We provide ongoing releases of this tool in the hopes that others find it useful for their projects.
Highest priority:
- Improved vis and inspect nodes: Better UX and more features, such as collapsing variable groups in response inspectors and more control over visualizations displayed in vis nodes beyond the default
Medium-to-low priority:
- LMQL and Microsoft guidance nodes: Support for prompt pipelines that involve LMQL and {{guidance}} code, esp. inspecting masked response variables.
- AI assistance for prompt engineering: Spur creative ideas and quickly iterate on variations of prompts through interaction with GPT4.
- Compare fine-tuned to base models: Beyond comparing between different models like Alpaca and ChatGPT, support comparison between versions of the same model (e.g., a base model and a fine-tuned one). Helper users detect where fine-tuning resulted in any 'breaking changes' elsewhere.
- Export to code: In the future, export prompt and (potentially) chains using a programming API like LangChain.
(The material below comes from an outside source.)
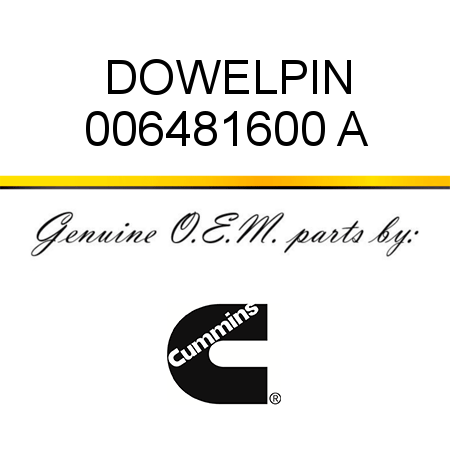 DOWEL,PIN 006481600 A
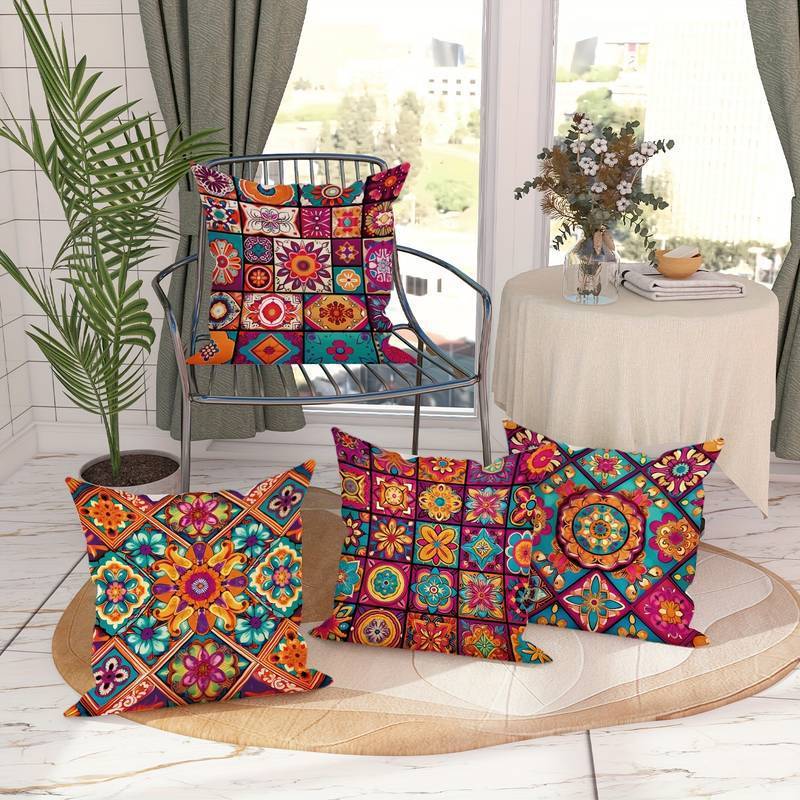 Retro Bohemian Style Pillow Cover Linen Printed Home & Breakfast Sofa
- Compare across response batches: Run an evaluator over all N responses generated for each prompt, to measure factors like variability or parseability (e.g., how many code outputs pass a basic smell test?)
- Collapse nodes: Nodes should be collapseable, to save screen space.
- Dark mode: A dark mode theme
See a feature you'd like that isn't here? Open an Issue.
ChainForge is meant to be general-purpose, and is not developed for a specific API or LLM back-end. Our ultimate goal is integration into other tools for the systematic evaluation and auditing of LLMs. We hope to help others who are developing prompt-analysis flows in LLMs, or otherwise auditing LLM outputs. This project was inspired by own our use case, but also shares some comraderie with two related (closed-source) research projects, both led by Sherry Wu:
- "PromptChainer: Chaining Large Language Model Prompts through Visual Programming" (Wu et al., CHI ’22 LBW) Video
- "AI Chains: Transparent and Controllable Human-AI Interaction by Chaining Large Language Model Prompts" (Wu et al., CHI ’22)
Unlike these projects, we are focusing on supporting evaluation across prompts, prompt parameters, and models.
We are looking for open-source collaborators. The best way to collaborate, at the moment, is simply to implement the requested feature / bug fix and submit a Pull Request. If you want to report a bug or request a feature, open an Issue.
(If you are an investor or funder, send us a message via email.)
ChainForge is released under the MIT License.